START Source data

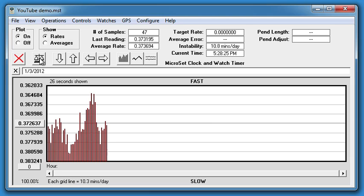If one tooth is especially out of place, it will stand out dramatically in each cycle. In this clock, we don't see any dramatic standouts.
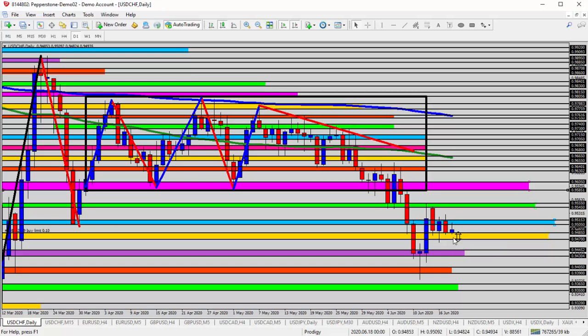We'll talk about the US dollar later in the trade room and how that can impact the direction of the dollar franc and some of the signals and patterns we're seeing set up on the US dollar. But right now,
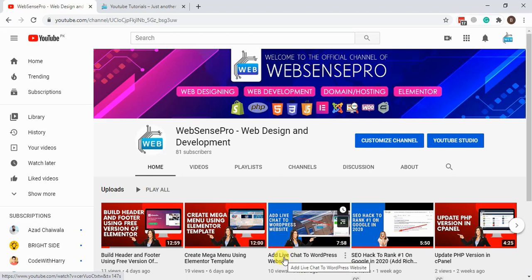Hey everyone, welcome to my YouTube channel. Today we are learning about how we can add social login to our WordPress website. Before we proceed with the tutorial, please subscribe to my channel, like and comment. Let's proceed with the tutorial now.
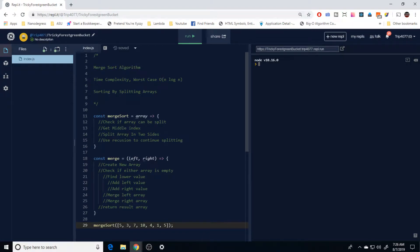Hello everyone. In this video we're going over the merge sort algorithm. This is another sorting algorithm, and it's relatively efficient. The time complexity for the worst case scenario is O(n log n), which is a relatively good computing time for algorithms.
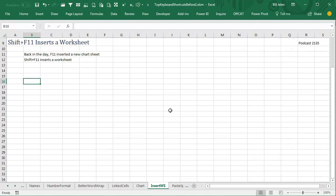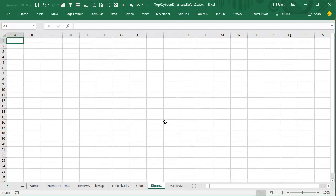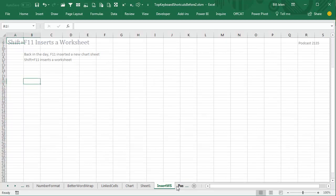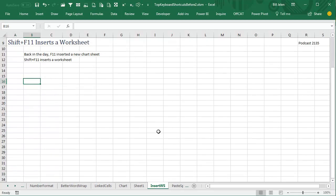I mentioned yesterday that F11 used to insert a chart sheet. If you would do Shift-F11, that will insert a brand new worksheet to the left of the current worksheet. Just a cool little trick here that's been around for a long time.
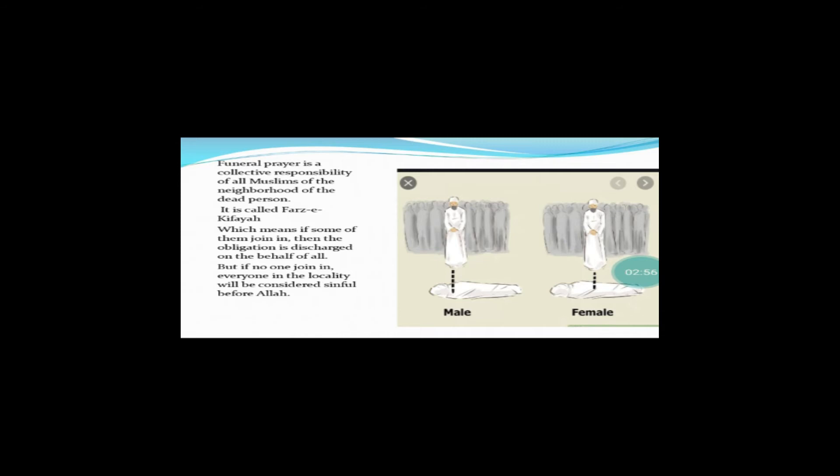It means if some of them join in, then the obligation is discharged on the behalf of all. This means if a person is discharged on the behalf of all, which means if a person is discharged on the behalf of all.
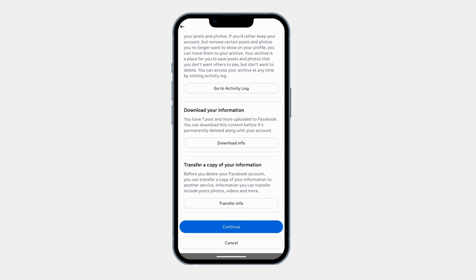Facebook will give you 30 days to cancel the deletion in case you change your mind. If you log back into Facebook within these 30 days, you will see an option to cancel deletion. But after 30 days, your account and all data will be gone forever. And that's it — now you know how to permanently delete your Facebook account using your Android phone. If you found this video helpful, smash the like button, subscribe for more quick tutorials, and I will see you in the next one. Thank you.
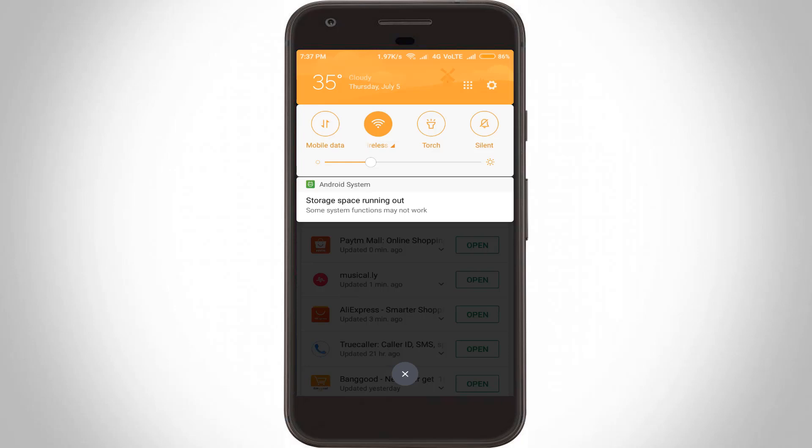Hello, what's up guys and welcome back to my YouTube channel THETA BOX. Today I tried to download an application from my Google Play Store, so unfortunately it shows the following error notification: storage space running out and some system functions may not work.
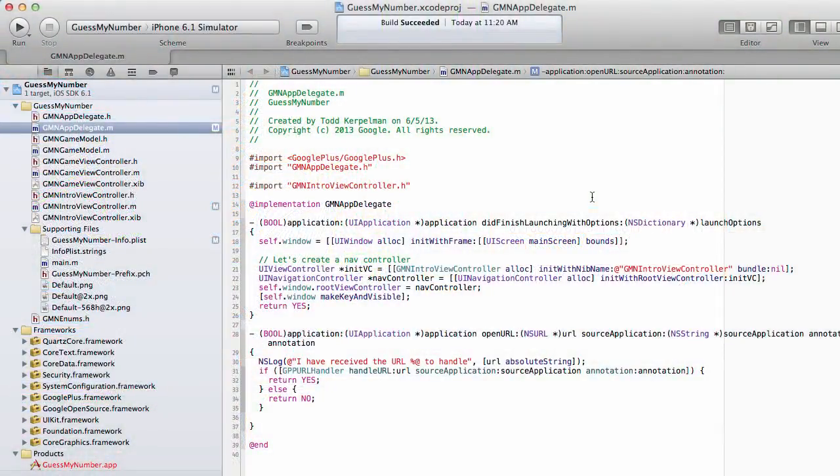So now that we've written the code to sign the user in, let's go through the process of adding a sign-in button.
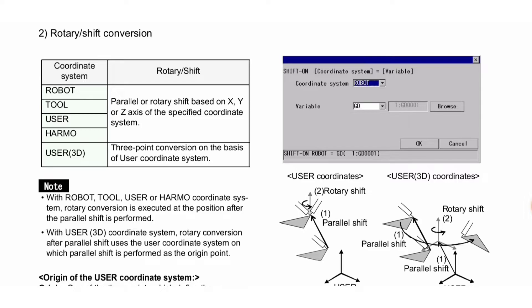You can see this image of rotary shift conversion. Here you can see shift on coordinate system variable, coordinate system robot variable, browse, OK, cancel. Shift on robot equals GD.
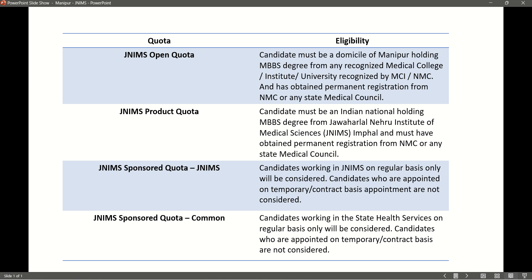The JNMS Sponsored Quota - JNMS: Candidates working in JNMS on regular basis only will be considered. Candidates who are appointed on temporary or contract basis are not considered.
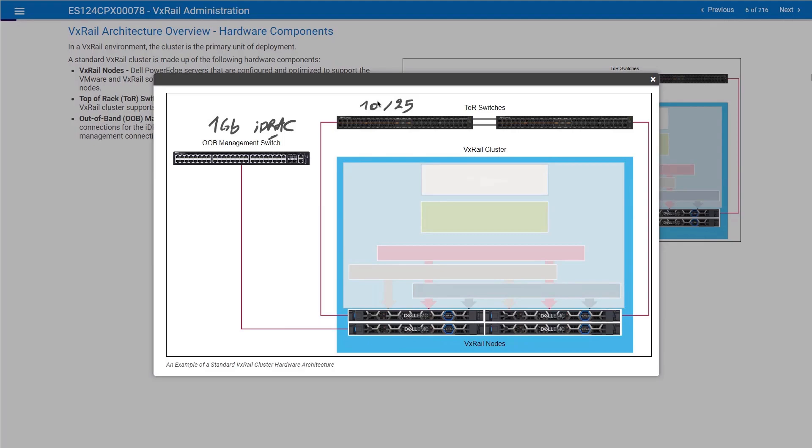You can also mix different generations. That's also authorized to a certain point. This is ideal for customers who want to decommission some of the old generations. For example, you have some nodes based on the 13th generation of Dell EMC servers, then you add VxRail nodes based on 14, then 15. At the end of the day, you can remove the 13th generation servers and continue to run your workloads without any interruption. These are the hardware components.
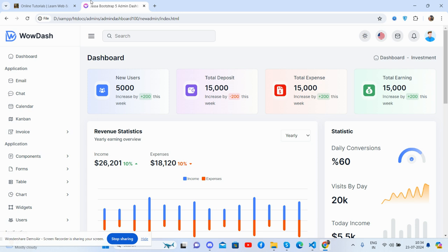So friends, before showing you the working demo, I must say please watch the video till the end and please subscribe to my channel for latest admin dashboard templates updates. And guys, I will also share the source code link inside this video description. So guys, here we go. See guys, beautiful admin dashboard template, Wow Dashboard.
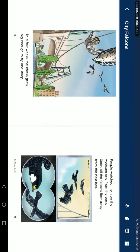In a few weeks, the chicks grew big enough to fly and stoop. People watch them on a webcam and from the park. Soon all the falcons flew away from the nest box.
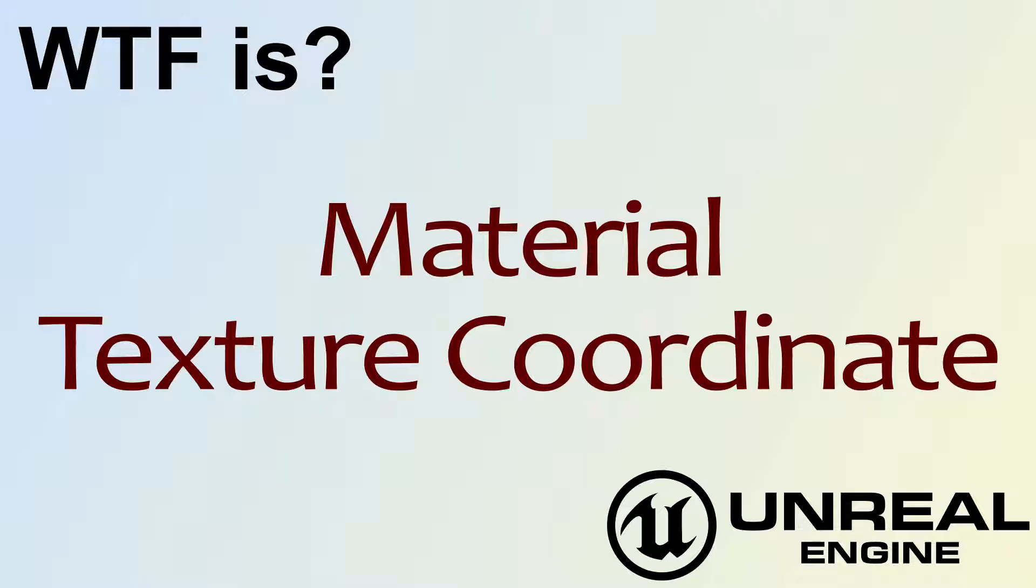Hello, welcome to the video for what is the material texture coordinate node.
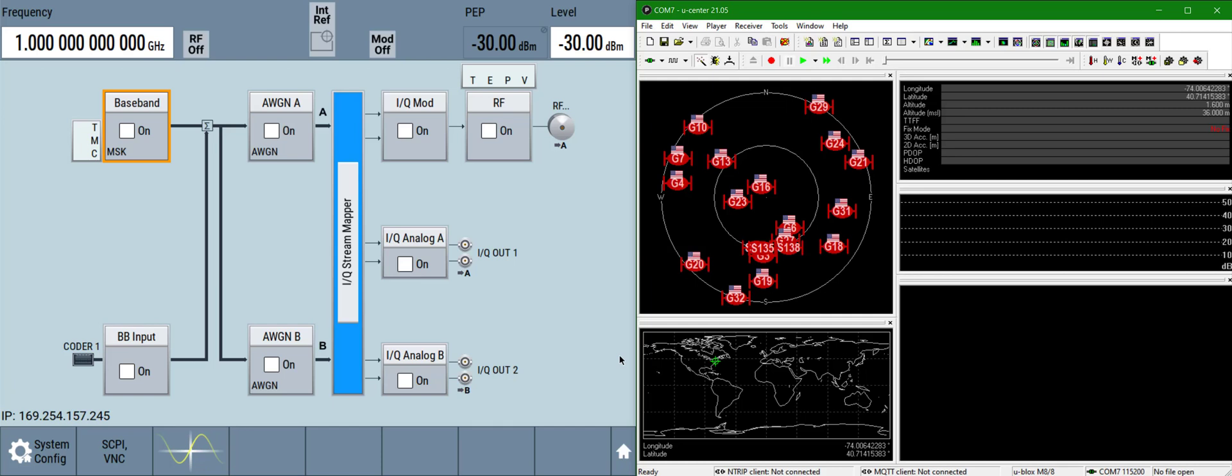Hello, in this demonstration I will generate a GPS L1 C/A signal on the Rohde & Schwarz SMW-200A vector signal generator and measure the signal conducted on a UBLOX EVK M8N GNSS reference receiver.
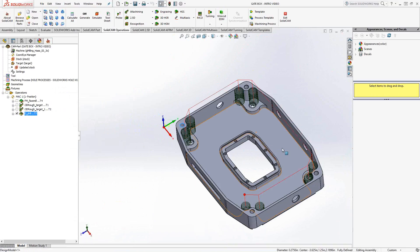So that concludes the drilling toolpath for the milling module. If you have any further questions, you can always call us at the tech support line at 1-866-975-1115 extension 2. Or look forward to the following videos for other toolpaths available from SolidCAM. Thank you for watching.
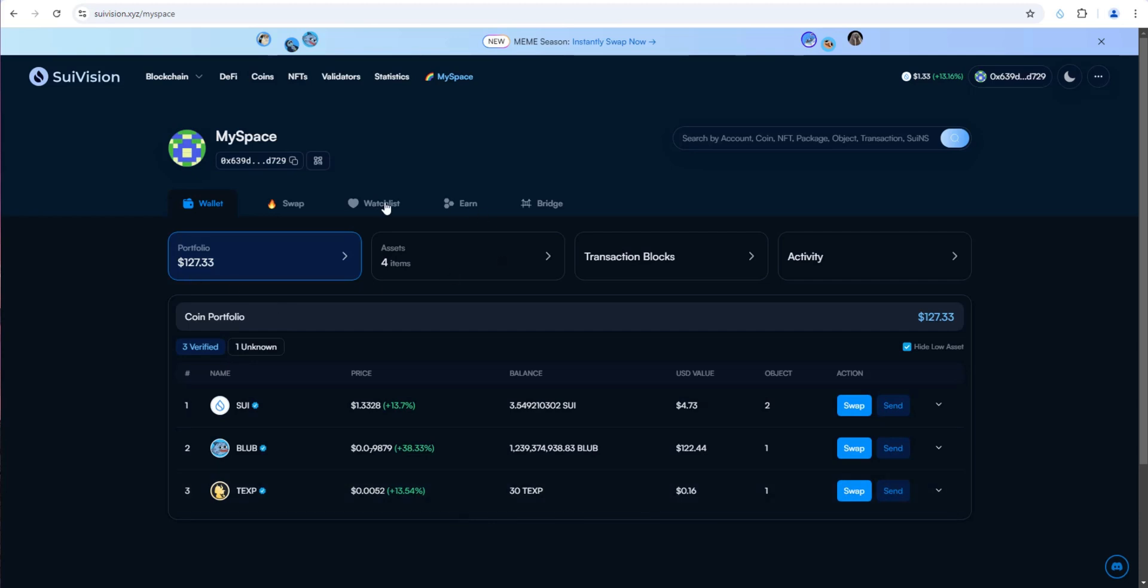This is interesting. SWE Vision makes it super simple. You really don't even have to leave this platform, this explorer. You can do your research on here and make your swaps.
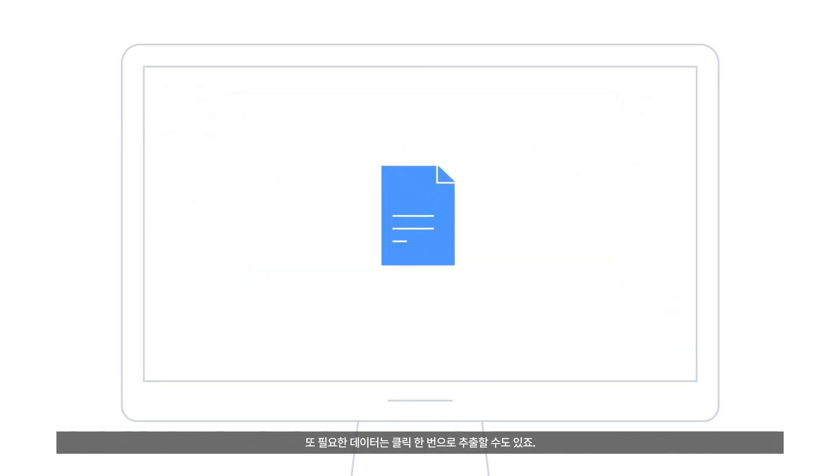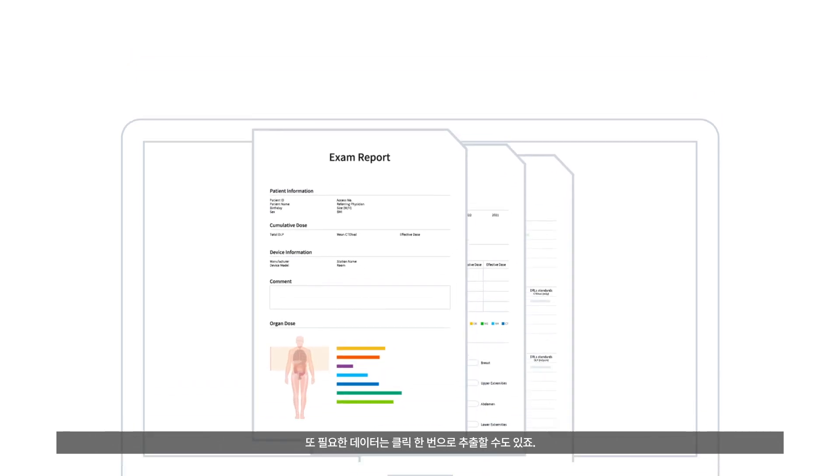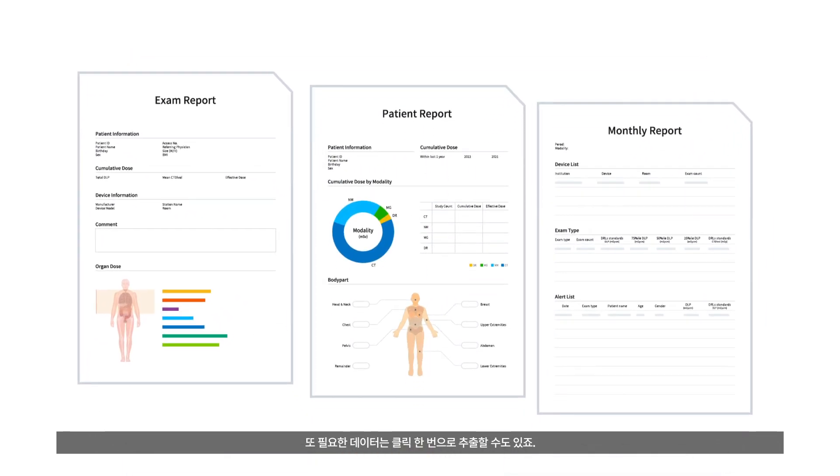And for reporting, you can easily export whichever data you need with just a click of a button.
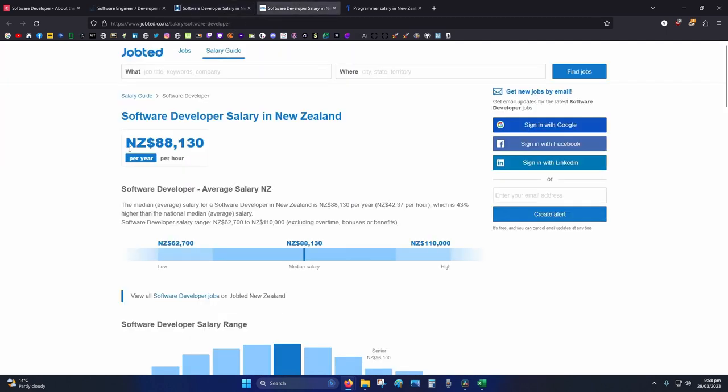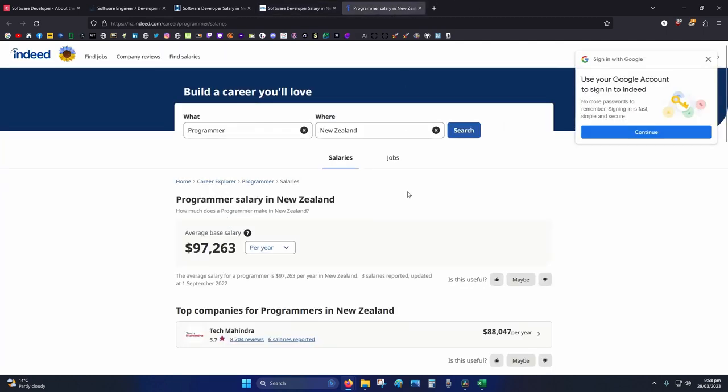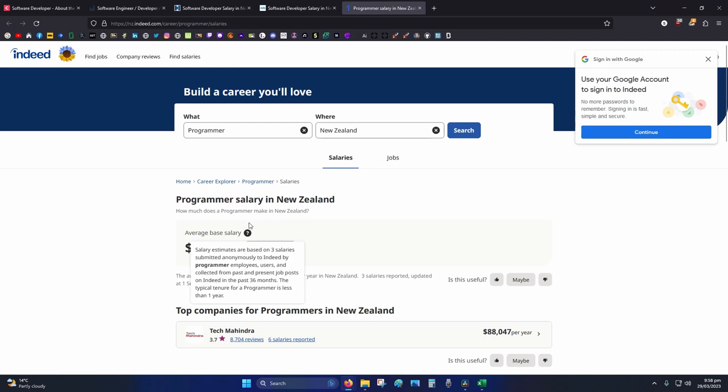So Dropped, the average salary for a software developer is 88k. Indeed, a programmer, 97k per year.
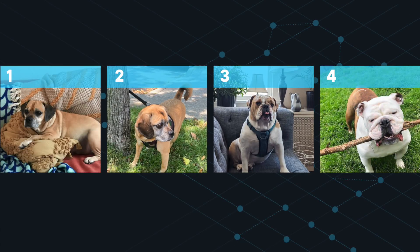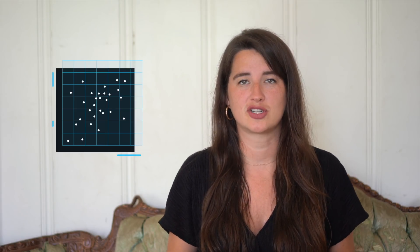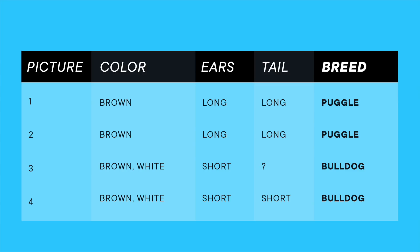Say you want to train an algorithm to recognize photos of dogs — more precisely, say you want to build an algorithm that can tell bulldogs and puggles apart based on their pictures. Well, you can use machine learning models to do this, but they would have a hard time doing a good job because pictures are unstructured data. For machine learning to be successful, you'd need to transfer the information into structured data first, which could look something like this. This would take a really long time to do and it's not a very scalable method.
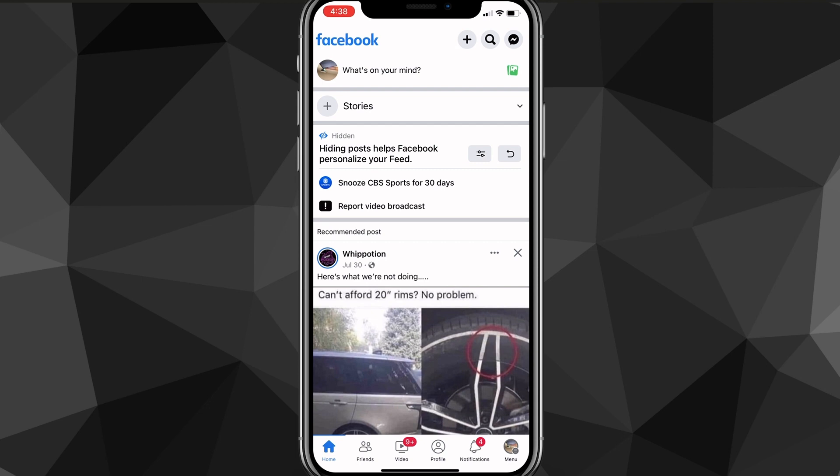First things first, let's head over to the Facebook app. Go ahead and open the Facebook app and you'll be brought to the home page. From the home page, you should see your profile picture in the bottom right corner of the screen — it might also be in the top right corner if you're on Android. Go ahead and click on it.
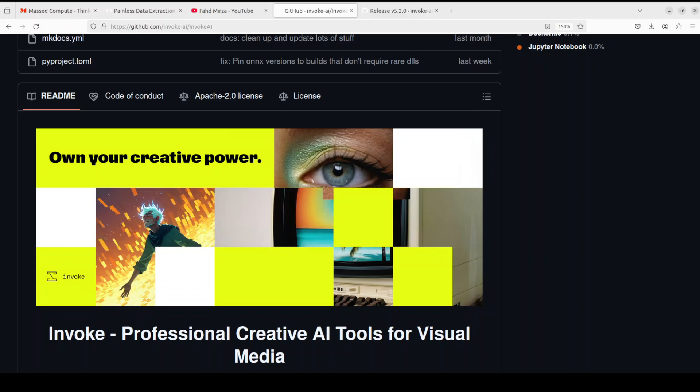Hello everyone, welcome to the channel. In this video I'm going to show you how easily you can install InvokeAI locally on your system manually. This tool, InvokeAI, is a text-to-image or image-to-image generation tool which not only provides an easy interface for image generation but also provides a lot of other features, such as support for CKPT and diffusers models.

END Source data

From the records above, copy only the lines running from the line containing "So now that" to the line containing "Hello, welcome to", both ends included. Leave the pictures out.

So now that we've written the code to sign the user in, let's go through the process of adding a sign-in button.
You can see this image of rotary shift conversion. Here you can see shift on coordinate system variable, coordinate system robot variable, browse, OK, cancel. Shift on robot equals GD.
The JNMS Sponsored Quota - JNMS: Candidates working in JNMS on regular basis only will be considered. Candidates who are appointed on temporary or contract basis are not considered.
You can also mix different generations. That's also authorized to a certain point. This is ideal for customers who want to decommission some of the old generations. For example, you have some nodes based on the 13th generation of Dell EMC servers, then you add VxRail nodes based on 14, then 15. At the end of the day, you can remove the 13th generation servers and continue to run your workloads without any interruption. These are the hardware components.
So friends, before showing you the working demo, I must say please watch the video till the end and please subscribe to my channel for latest admin dashboard templates updates. And guys, I will also share the source code link inside this video description. So guys, here we go. See guys, beautiful admin dashboard template, Wow Dashboard.
In a few weeks, the chicks grew big enough to fly and stoop. People watch them on a webcam and from the park. Soon all the falcons flew away from the nest box.
Hello, welcome to the video for what is the material texture coordinate node.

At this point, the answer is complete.